Work to complete –
The copy you give must match the listing below exactly and contain no pictures.

Data below –
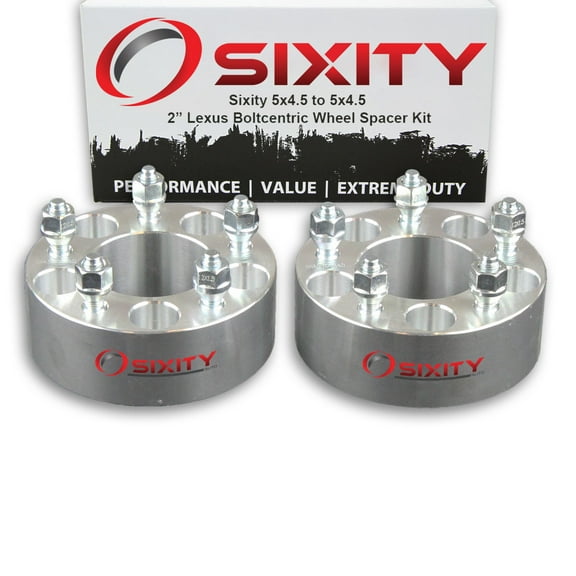 Sixity Auto 2 pc 2" 5x4.5 Wheel Spacers compatible with Lexus ES GS IS LS RX SC M12x1.5mm 1.25in Studs Lugs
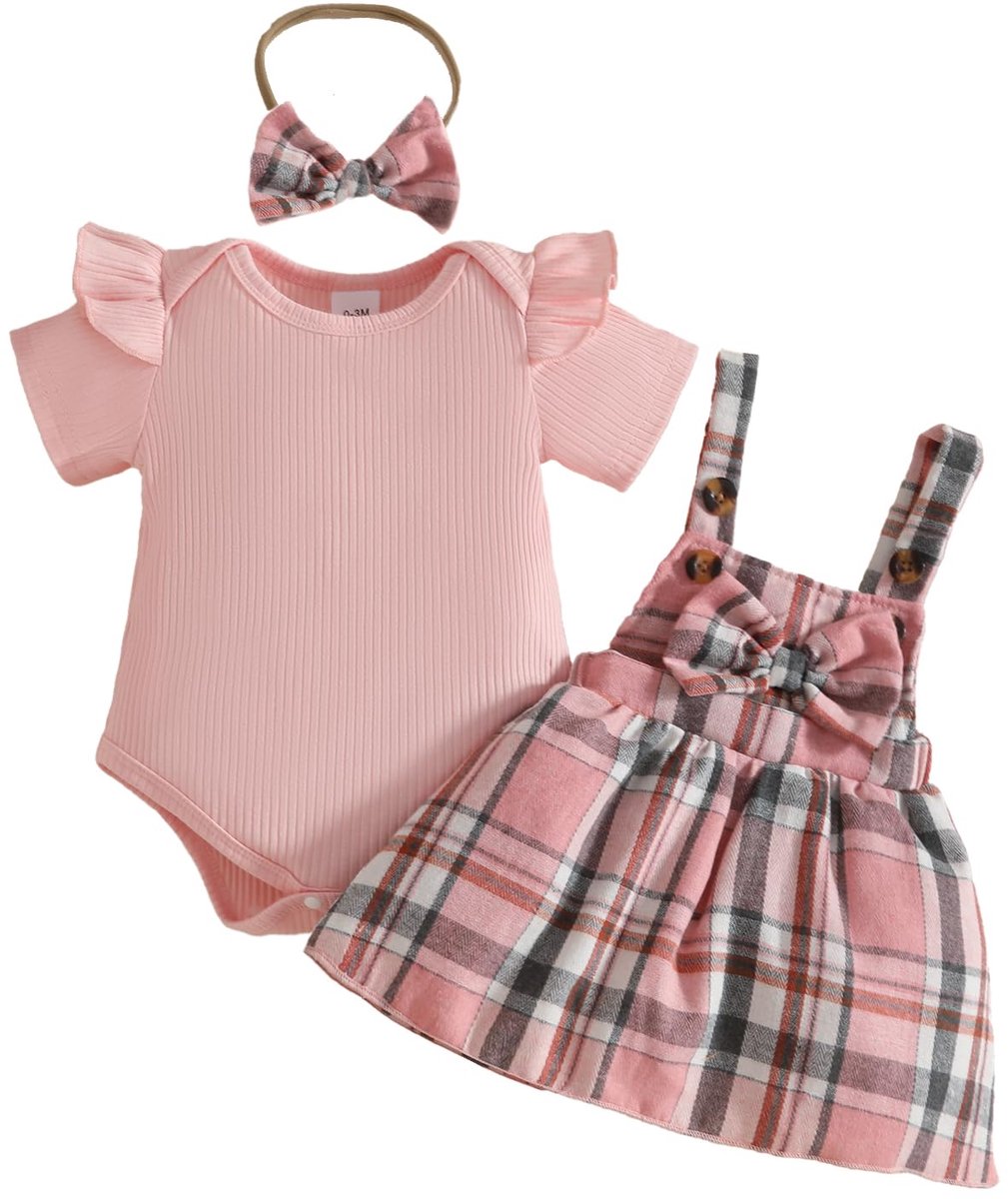 SnelShoppen - Zomerrok voor Babymeisjes - 3-delige Outfit met Korte Mouwen en Geribbeld Bovendeel - Geruite Corduroy Bretelrok voor Feestjes, Tuin en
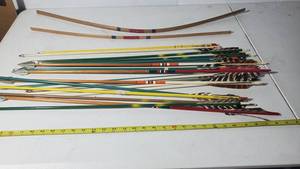 lot 148 image: Vintage Archery Arrows & Bow Limbs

Output –
 Sixity Auto 2 pc 2" 5x4.5 Wheel Spacers compatible with Lexus ES GS IS LS RX SC M12x1.5mm 1.25in Studs Lugs
 SnelShoppen - Zomerrok voor Babymeisjes - 3-delige Outfit met Korte Mouwen en Geribbeld Bovendeel - Geruite Corduroy Bretelrok voor Feestjes, Tuin en
 lot 148 image: Vintage Archery Arrows & Bow Limbs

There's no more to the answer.